** Material for this exercise follows **

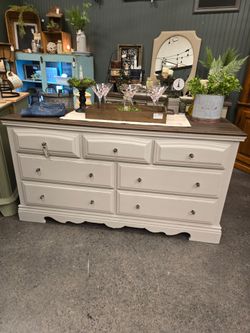 Dresser 7 drawer soft off-white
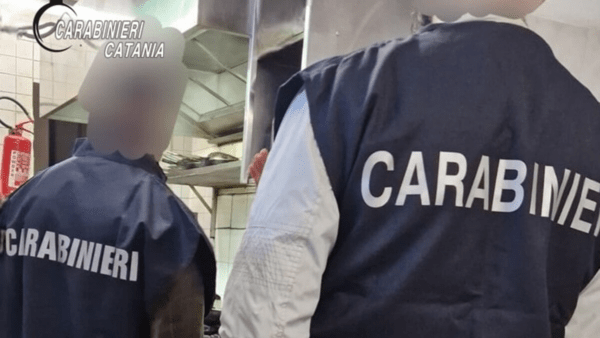 Orrore nel noto ristorante di Aci Trezza: Carabinieri trovano blatte, escrementi di topi e molto altro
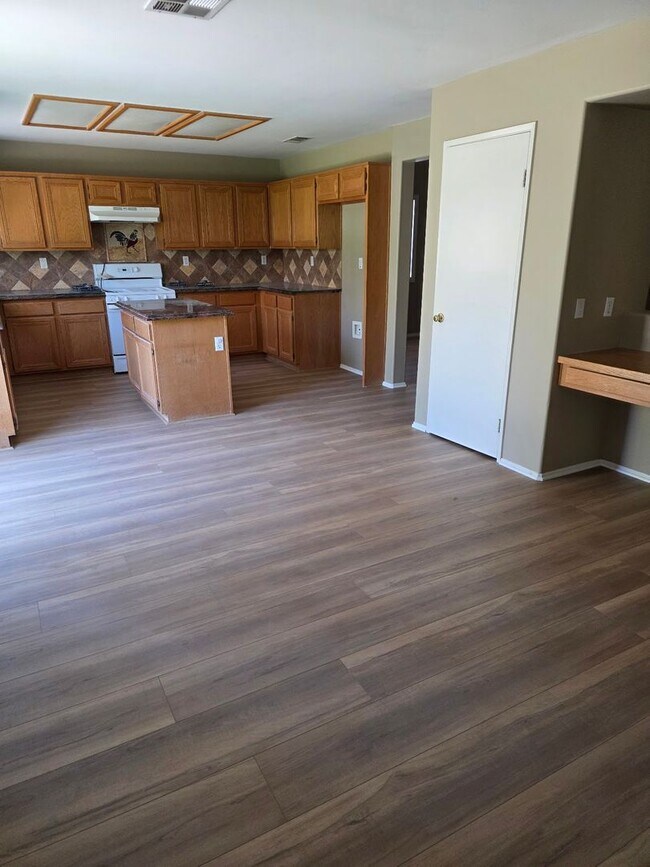 Building Photo - South Temecula - 4 Bedroom Home in Paloma ...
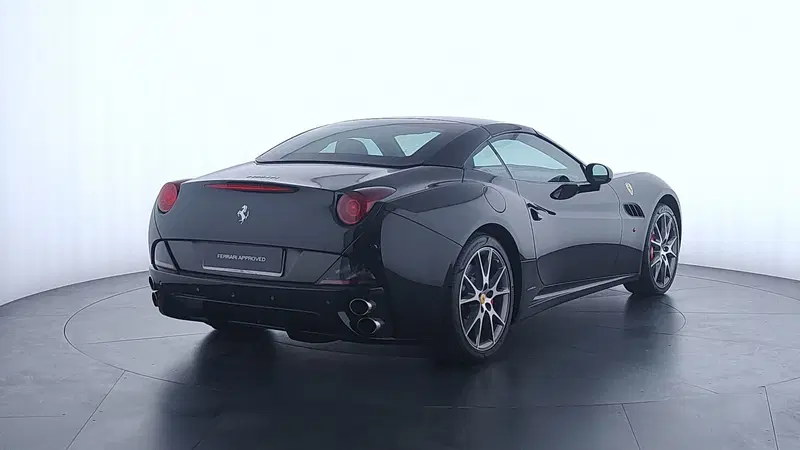 Ferrari California Spider usata a Perugia (5)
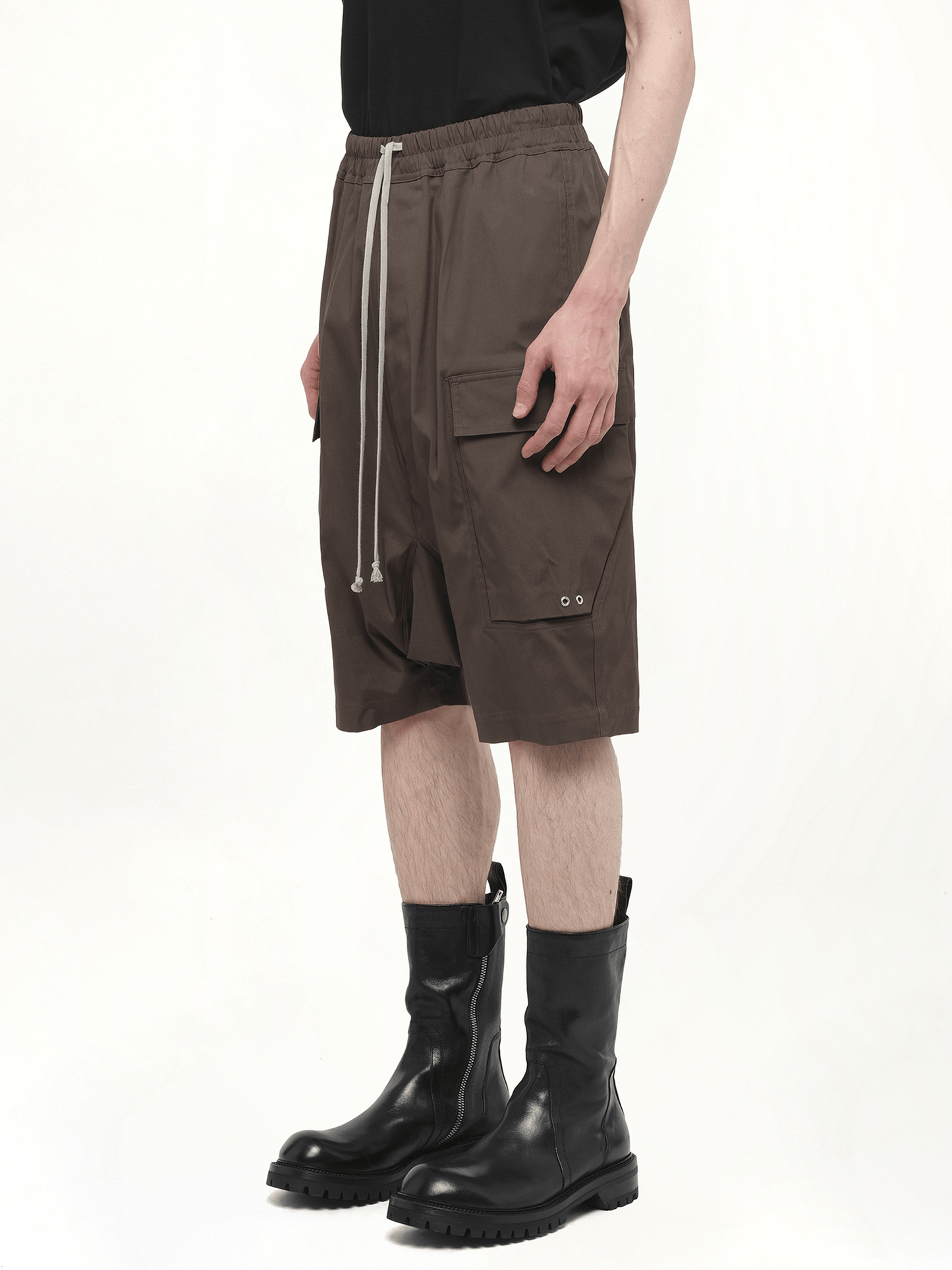 Cargo Pods in Dark Dust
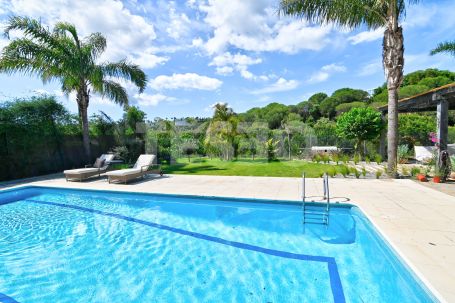 SCHÖNES RENOVIERTES DOPPELHAUS ZU VERKAUFEN IN SOTOGOLF, SOTOGRANDE ALTO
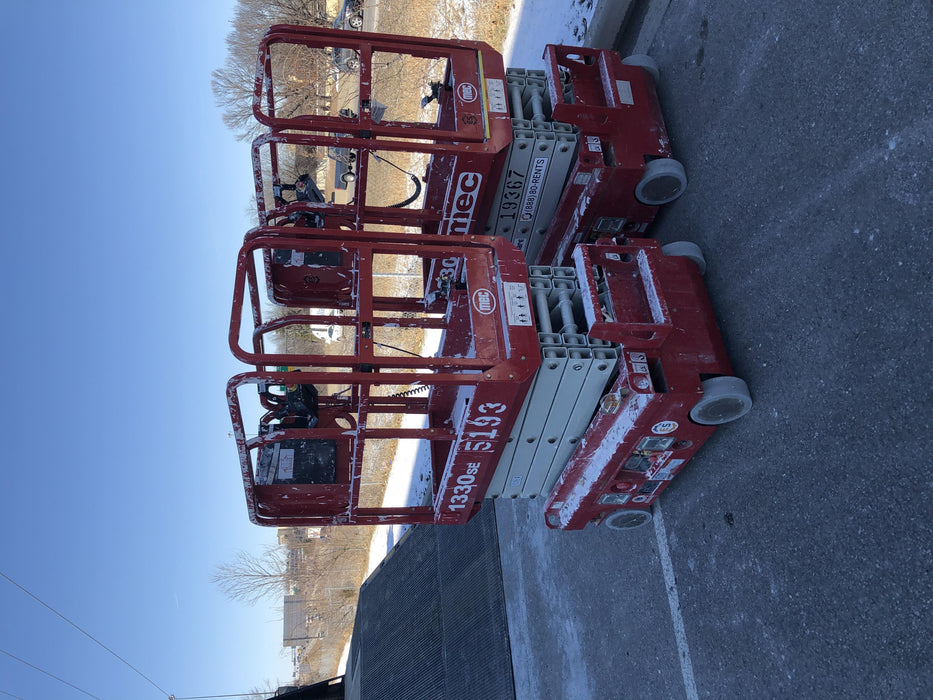 2017 MEC 1330SE 13' Scissor Lift w/2 Year Full Extended Warranty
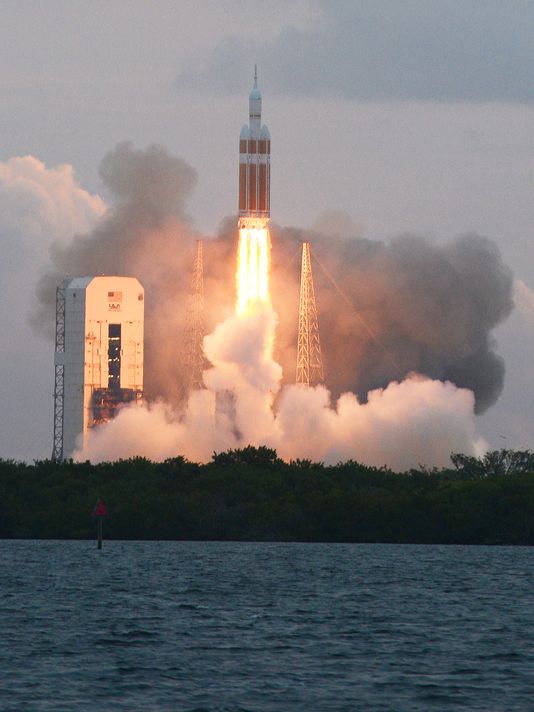 Décollage de Delta IV Heavy /Orion le 5 décembre 2014 (Photo: Craig Bailey/FLORIDA TODAY)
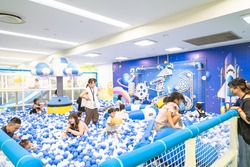 「室内遊園地「キッズランドUS 愛知豊川店」OPEN！　約30種の遊び場を親子で楽しもう
」の写真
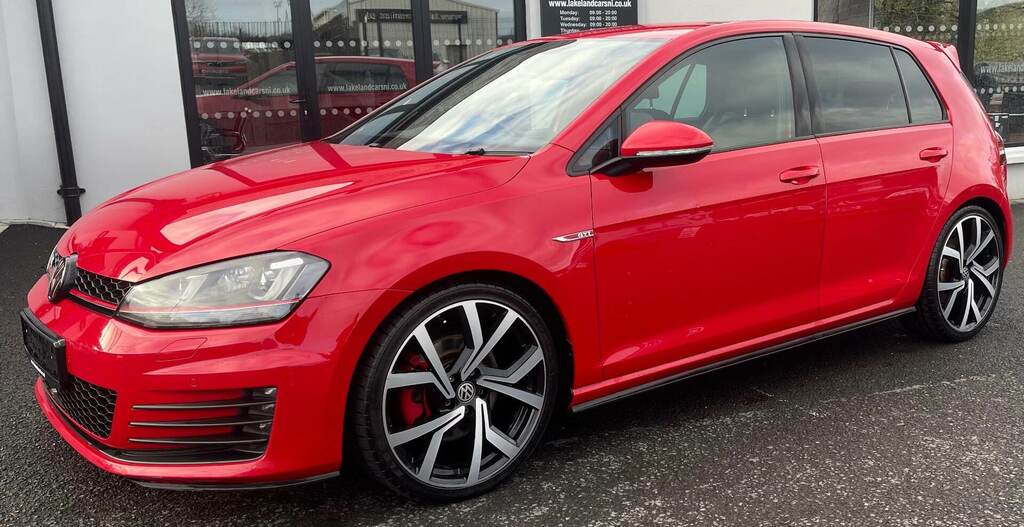 Compare Volkswagen Golf 2.0 Tsi Gti NGZ4126 Red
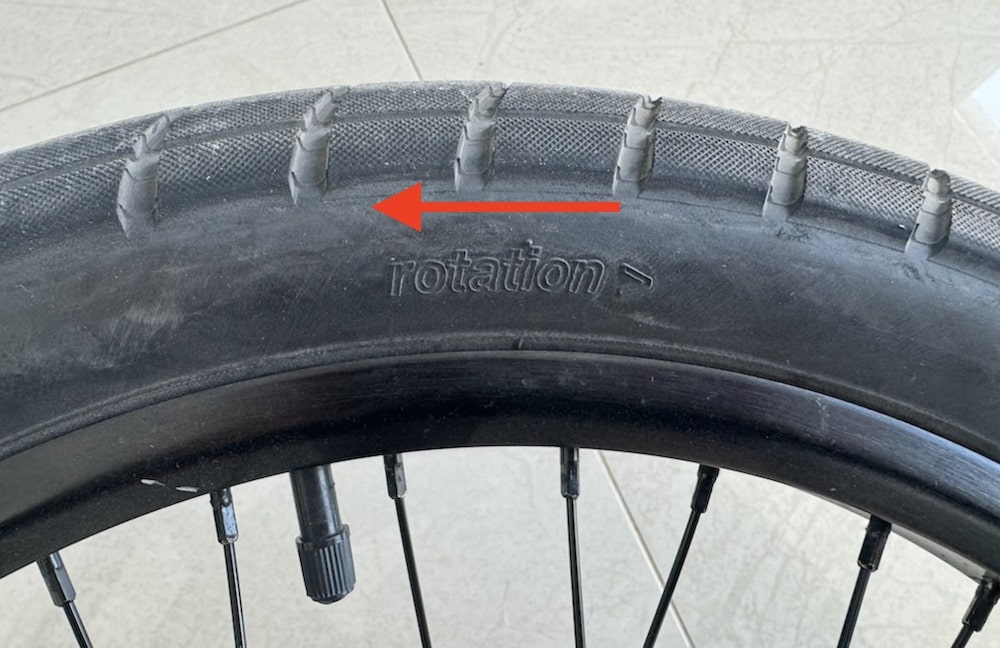 can you put a bmx tire on backwards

** End of Material for this exercise **

Problem details:
Give back each line above exactly, with pictures dropped.

Expected answer:
 Dresser 7 drawer soft off-white
 Orrore nel noto ristorante di Aci Trezza: Carabinieri trovano blatte, escrementi di topi e molto altro
 Building Photo - South Temecula - 4 Bedroom Home in Paloma ...
 Ferrari California Spider usata a Perugia (5)
 Cargo Pods in Dark Dust
 SCHÖNES RENOVIERTES DOPPELHAUS ZU VERKAUFEN IN SOTOGOLF, SOTOGRANDE ALTO
 2017 MEC 1330SE 13' Scissor Lift w/2 Year Full Extended Warranty
 Décollage de Delta IV Heavy /Orion le 5 décembre 2014 (Photo: Craig Bailey/FLORIDA TODAY)
 「室内遊園地「キッズランドUS 愛知豊川店」OPEN！　約30種の遊び場を親子で楽しもう
」の写真
 Compare Volkswagen Golf 2.0 Tsi Gti NGZ4126 Red
 can you put a bmx tire on backwards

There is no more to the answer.